TALLIS GOMES – Eu gosto muito de educação, sou apaixonado por dar aula, palestra. Esse mercado até remunera bem, mas é um pagamento que não se encaixa no quanto custa o meu tempo. Por esse desalinhamento, eu não podia me envolver com essa atividade tanto quanto gostaria. Mas aí pensei que precisava existir uma forma de monetizar esse prazer que eu tenho. Entendi então que devia criar uma metodologia. Criei e chamei de Gestão 4.0. A proposta inicial era transformar num livro, mas tivemos a ideia de lançar uma imersão. Foi um enorme sucesso e eu percebi que o negócio era muito maior. Tem um business de educação aqui, e que bate muito com o meu propósito de transformar o Brasil por meio do empreendedorismo. Porque se você melhora a gestão das empresas, elas têm capacidade de contratar mais pessoas. Então são mais famílias gastando, aumenta o PIB, aumenta a capacidade de investimento.

EMPRESÁRIO DIGITAL – Como o Gestão 4.0 está estruturado?

TALLIS GOMES – O negócio hoje é uma holding porque temos braços de produtos, imersão e mentoria, de consultoria e um clube com assinatura anual para profissionais de gestão. Mensalmente tem um workshop, um encontro de relacionamento e, a cada trimestre, uma aula com os melhores professores do mundo.

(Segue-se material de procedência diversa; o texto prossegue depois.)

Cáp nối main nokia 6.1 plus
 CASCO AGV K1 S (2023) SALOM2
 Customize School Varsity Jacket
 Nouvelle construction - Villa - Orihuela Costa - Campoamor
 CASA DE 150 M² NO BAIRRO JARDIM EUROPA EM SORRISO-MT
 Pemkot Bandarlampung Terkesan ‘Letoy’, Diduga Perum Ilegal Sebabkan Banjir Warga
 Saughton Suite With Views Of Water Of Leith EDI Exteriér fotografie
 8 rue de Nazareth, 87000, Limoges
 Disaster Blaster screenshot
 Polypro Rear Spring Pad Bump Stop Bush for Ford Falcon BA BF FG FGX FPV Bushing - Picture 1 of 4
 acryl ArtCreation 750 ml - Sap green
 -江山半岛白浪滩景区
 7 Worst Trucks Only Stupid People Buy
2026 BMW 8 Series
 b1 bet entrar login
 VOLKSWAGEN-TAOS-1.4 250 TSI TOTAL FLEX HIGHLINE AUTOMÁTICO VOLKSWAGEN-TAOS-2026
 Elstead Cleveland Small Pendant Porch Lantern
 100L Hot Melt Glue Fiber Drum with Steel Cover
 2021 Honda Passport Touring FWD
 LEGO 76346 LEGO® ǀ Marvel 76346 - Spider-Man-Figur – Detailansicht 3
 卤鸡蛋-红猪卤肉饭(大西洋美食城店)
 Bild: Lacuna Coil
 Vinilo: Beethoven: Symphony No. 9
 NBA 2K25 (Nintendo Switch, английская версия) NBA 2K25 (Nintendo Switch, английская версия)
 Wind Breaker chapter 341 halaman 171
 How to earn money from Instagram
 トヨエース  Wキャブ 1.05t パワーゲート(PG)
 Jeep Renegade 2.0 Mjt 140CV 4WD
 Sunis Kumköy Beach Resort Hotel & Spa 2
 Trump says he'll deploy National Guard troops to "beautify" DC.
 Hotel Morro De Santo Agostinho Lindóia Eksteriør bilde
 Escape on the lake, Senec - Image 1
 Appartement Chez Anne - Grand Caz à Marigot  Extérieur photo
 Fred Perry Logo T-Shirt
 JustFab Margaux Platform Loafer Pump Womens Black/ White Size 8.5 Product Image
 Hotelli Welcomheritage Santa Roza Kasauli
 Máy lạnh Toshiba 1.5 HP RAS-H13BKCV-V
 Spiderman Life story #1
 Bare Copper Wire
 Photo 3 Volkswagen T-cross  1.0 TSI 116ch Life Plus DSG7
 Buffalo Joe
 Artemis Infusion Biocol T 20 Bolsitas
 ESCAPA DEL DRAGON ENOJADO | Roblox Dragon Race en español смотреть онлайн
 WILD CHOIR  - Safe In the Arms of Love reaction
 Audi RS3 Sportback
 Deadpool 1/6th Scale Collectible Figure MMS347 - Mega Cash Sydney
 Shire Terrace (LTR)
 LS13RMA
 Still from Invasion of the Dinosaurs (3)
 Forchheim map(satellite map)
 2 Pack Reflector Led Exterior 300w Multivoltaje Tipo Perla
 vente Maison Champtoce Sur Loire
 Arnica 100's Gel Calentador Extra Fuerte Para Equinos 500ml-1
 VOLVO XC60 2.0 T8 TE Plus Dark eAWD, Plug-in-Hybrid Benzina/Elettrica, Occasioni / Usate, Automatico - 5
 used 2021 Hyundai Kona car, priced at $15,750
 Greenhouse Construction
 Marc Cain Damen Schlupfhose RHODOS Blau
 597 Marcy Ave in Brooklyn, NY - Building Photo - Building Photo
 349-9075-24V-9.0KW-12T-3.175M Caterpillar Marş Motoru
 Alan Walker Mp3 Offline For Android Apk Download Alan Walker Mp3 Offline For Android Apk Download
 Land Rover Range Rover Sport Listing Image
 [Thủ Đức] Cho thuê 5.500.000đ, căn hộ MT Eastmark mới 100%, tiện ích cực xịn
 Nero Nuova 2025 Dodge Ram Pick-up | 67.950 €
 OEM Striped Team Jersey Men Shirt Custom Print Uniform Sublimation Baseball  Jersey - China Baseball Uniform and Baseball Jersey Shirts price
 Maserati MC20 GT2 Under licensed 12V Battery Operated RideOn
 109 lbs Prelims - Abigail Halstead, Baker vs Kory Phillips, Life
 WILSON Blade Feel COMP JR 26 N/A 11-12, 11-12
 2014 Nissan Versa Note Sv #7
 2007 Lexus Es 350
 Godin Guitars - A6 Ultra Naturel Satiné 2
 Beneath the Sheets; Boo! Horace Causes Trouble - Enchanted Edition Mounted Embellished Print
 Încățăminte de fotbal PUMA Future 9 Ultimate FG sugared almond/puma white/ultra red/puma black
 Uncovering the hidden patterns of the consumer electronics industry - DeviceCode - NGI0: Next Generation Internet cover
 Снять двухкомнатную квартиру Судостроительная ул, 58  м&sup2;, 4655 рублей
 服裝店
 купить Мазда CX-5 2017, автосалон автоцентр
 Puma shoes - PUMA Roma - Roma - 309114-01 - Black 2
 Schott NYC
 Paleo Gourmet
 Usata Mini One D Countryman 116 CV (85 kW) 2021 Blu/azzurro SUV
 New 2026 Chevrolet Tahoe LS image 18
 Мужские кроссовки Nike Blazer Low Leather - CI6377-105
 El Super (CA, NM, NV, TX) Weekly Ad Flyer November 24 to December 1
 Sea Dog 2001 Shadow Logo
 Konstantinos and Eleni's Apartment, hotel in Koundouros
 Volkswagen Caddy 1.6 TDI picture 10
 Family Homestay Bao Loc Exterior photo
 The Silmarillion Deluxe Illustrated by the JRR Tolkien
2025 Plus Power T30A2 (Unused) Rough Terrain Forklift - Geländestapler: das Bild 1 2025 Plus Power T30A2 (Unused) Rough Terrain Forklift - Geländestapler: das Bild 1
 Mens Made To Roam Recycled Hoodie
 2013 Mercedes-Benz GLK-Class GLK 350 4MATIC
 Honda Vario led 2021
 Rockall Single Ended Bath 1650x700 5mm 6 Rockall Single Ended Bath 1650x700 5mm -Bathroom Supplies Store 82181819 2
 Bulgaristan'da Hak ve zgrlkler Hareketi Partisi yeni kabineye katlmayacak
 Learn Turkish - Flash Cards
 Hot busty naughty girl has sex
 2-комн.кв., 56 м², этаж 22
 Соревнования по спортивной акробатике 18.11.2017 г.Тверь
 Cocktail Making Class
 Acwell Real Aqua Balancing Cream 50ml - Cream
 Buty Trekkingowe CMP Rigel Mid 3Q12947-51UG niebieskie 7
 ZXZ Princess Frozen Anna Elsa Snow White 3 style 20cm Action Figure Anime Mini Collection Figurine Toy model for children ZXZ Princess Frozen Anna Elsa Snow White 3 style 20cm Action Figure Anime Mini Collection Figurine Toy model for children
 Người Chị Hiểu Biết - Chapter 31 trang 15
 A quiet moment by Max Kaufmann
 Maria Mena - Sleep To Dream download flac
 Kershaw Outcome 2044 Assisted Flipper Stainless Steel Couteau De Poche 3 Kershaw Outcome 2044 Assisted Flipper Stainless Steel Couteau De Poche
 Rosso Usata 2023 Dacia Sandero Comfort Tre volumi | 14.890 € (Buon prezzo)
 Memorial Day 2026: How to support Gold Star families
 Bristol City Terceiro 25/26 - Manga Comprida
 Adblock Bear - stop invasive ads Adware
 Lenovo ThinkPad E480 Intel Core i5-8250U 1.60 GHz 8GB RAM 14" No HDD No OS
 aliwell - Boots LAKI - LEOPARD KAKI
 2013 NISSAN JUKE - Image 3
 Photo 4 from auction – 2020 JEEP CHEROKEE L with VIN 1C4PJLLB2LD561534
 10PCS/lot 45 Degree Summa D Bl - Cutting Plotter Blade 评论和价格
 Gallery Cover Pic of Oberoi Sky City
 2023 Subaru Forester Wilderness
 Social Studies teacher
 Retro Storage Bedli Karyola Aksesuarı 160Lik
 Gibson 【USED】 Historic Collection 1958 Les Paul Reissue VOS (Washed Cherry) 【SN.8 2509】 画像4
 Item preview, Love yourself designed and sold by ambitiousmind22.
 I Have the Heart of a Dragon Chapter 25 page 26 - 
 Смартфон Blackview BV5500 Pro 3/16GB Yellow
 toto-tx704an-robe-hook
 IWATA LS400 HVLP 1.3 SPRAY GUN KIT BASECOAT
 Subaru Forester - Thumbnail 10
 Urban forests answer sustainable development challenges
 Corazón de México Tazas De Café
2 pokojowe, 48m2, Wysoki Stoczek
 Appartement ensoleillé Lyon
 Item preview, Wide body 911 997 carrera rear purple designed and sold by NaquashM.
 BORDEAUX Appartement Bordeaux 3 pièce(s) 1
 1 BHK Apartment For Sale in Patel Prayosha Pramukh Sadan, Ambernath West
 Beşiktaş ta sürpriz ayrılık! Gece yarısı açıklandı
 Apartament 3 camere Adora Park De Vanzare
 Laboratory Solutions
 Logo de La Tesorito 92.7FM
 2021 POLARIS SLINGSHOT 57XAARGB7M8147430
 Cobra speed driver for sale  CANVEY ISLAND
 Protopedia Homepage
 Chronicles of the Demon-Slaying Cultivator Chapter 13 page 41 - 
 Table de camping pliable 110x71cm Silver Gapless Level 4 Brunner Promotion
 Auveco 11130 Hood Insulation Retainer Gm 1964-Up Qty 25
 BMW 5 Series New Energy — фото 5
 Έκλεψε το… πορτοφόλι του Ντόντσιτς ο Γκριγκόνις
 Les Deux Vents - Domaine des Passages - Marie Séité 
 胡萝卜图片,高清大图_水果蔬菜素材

Acabamos formando o ecossistema perfeito. Os alunos entram pelos programas de formação. Se esse aluno está começando uma empresa, temos o G4 Startups, um curso digital. Digamos que a startup dele começou a faturar mais de 10 milhões por ano, então ele já está apto a participar do Gestão 4.0, no qual vai se sentar com empresários muito bons nos seus setores. Com essa experiência, ele pode passar para o G4 Consulting, que o ajuda a implementar essas ferramentas e multiplicar o faturamento. Com isso, ele consegue entrar no G4 Club e trocar informações com outros membros do clube.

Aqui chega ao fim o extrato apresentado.